Hummus Pancakes With Tahini Mayo

Hummus Pancakes

Via Dorie Greenspan, these quick blender savory pancakes could be used in many interesting ways. Combines nicely with this avocado and cucumber salad for a meat-free, heavy protein meal.

Pancakes
1 cup home-cooked or canned no-salt-added chickpeas, drained, 1/4 cup of their liquid reserved
1/2 cup tahini
2 cloves garlic, cut in half lengthwise (germ removed)
⅓ cup fresh lemon juice, or more as needed
1 teaspoon ground cumin, or more as needed
1 teaspoon fine sea salt
Pinch powdered harissa or ground cayenne pepper (optional)

2 large eggs
1/4 cup flour

Combine the chickpeas and the reserved 1/4 cup of liquid, tahini, garlic, lemon juice, cumin, sea salt and the harissa in a blender. Puree to form a smooth batter, scraping down the container as needed.

Add the eggs and blend or pulse until well incorporated.

Sprinkle the flour over the surface of the batter; blend on low speed or pulse just until incorporated.

To cook: Grease a griddle or large skillet with cooking oil spray; heat over medium heat. Using a tablespoon of batter for each pancake, drop it onto the griddle, leaving enough room between each one for the batter to spread. Cook until the bubbles on top of the pancakes have popped open and the pancakes’ undersides are golden, about 1 1/2 minutes, then flip them over and cook until the other sides are lightly browned, 1 to 1 1/2 minutes. If working in batches, spray the griddle each time.

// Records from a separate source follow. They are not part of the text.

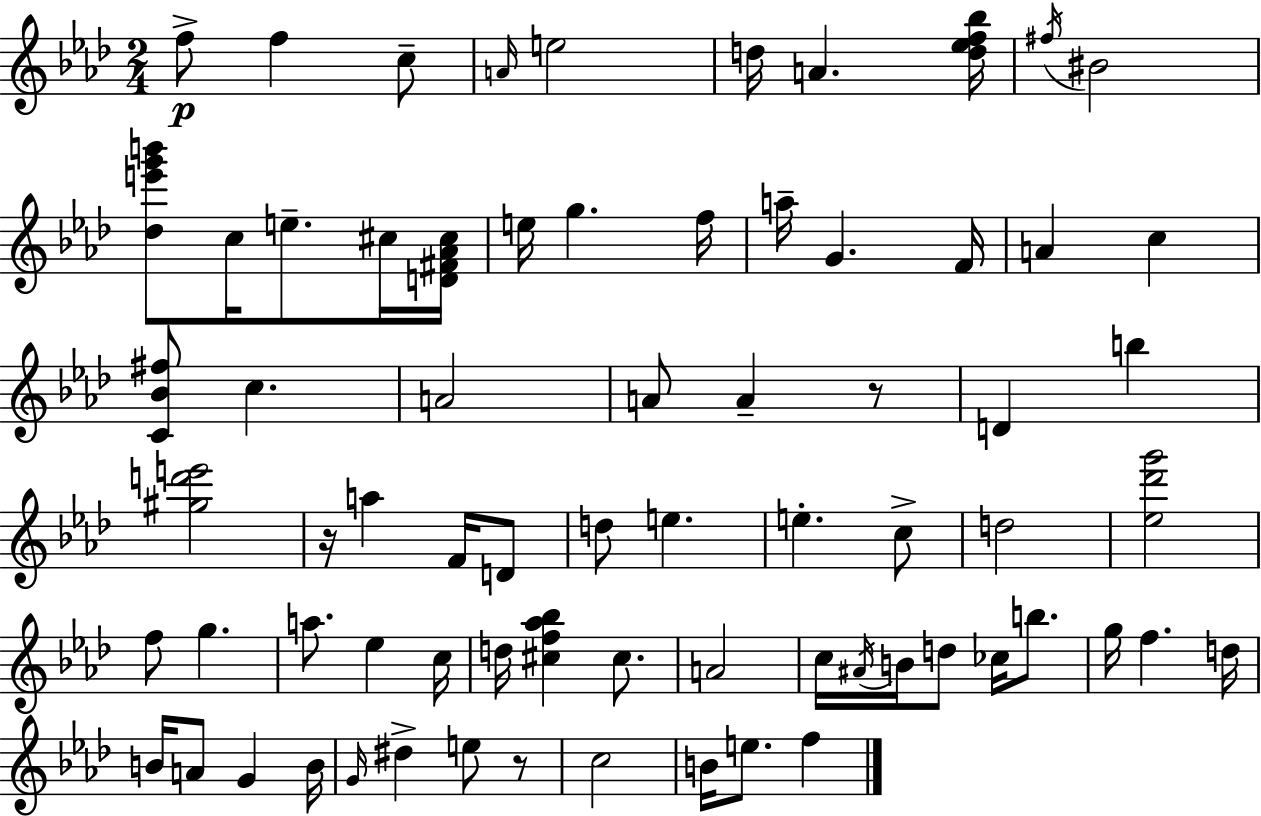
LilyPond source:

{
  \clef treble
  \numericTimeSignature
  \time 2/4
  \key f \minor
  f''8->\p f''4 c''8-- | \grace { a'16 } e''2 | d''16 a'4. | <d'' ees'' f'' bes''>16 \acciaccatura { fis''16 } bis'2 | \break <des'' e''' g''' b'''>8 c''16 e''8.-- | cis''16 <d' fis' aes' cis''>16 e''16 g''4. | f''16 a''16-- g'4. | f'16 a'4 c''4 | \break <c' bes' fis''>8 c''4. | a'2 | a'8 a'4-- | r8 d'4 b''4 | \break <gis'' d''' e'''>2 | r16 a''4 f'16 | d'8 d''8 e''4. | e''4.-. | \break c''8-> d''2 | <ees'' des''' g'''>2 | f''8 g''4. | a''8. ees''4 | \break c''16 d''16 <cis'' f'' aes'' bes''>4 cis''8. | a'2 | c''16 \acciaccatura { ais'16 } b'16 d''8 ces''16 | b''8. g''16 f''4. | \break d''16 b'16 a'8 g'4 | b'16 \grace { g'16 } dis''4-> | e''8 r8 c''2 | b'16 e''8. | \break f''4 \bar "|."
}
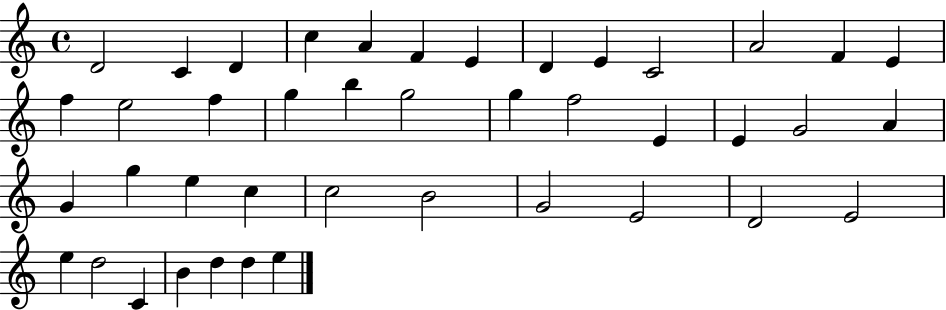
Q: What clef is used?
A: treble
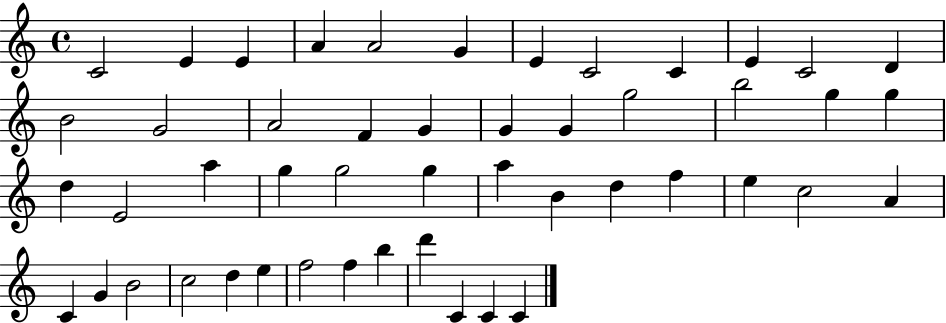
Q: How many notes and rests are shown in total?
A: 49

Serve right away, with the mayo (recipe follows) as a topping or dip, or transfer to the oven to keep warm.

Tahini Mayo (for 1¼ cups)

1 cup regular or low-fat mayonnaise or labneh
2 tablespoons tahini
1 1/2 tablespoons fresh lemon juice, or more as needed
3/4 teaspoon ground cumin, or more as needed
1/2 teaspoon fine sea salt

Whisk together, and add lemon juice and/or cumin as needed. If you’d like the mayo to be more of a drizzle than a spread or dip, thin it with milk.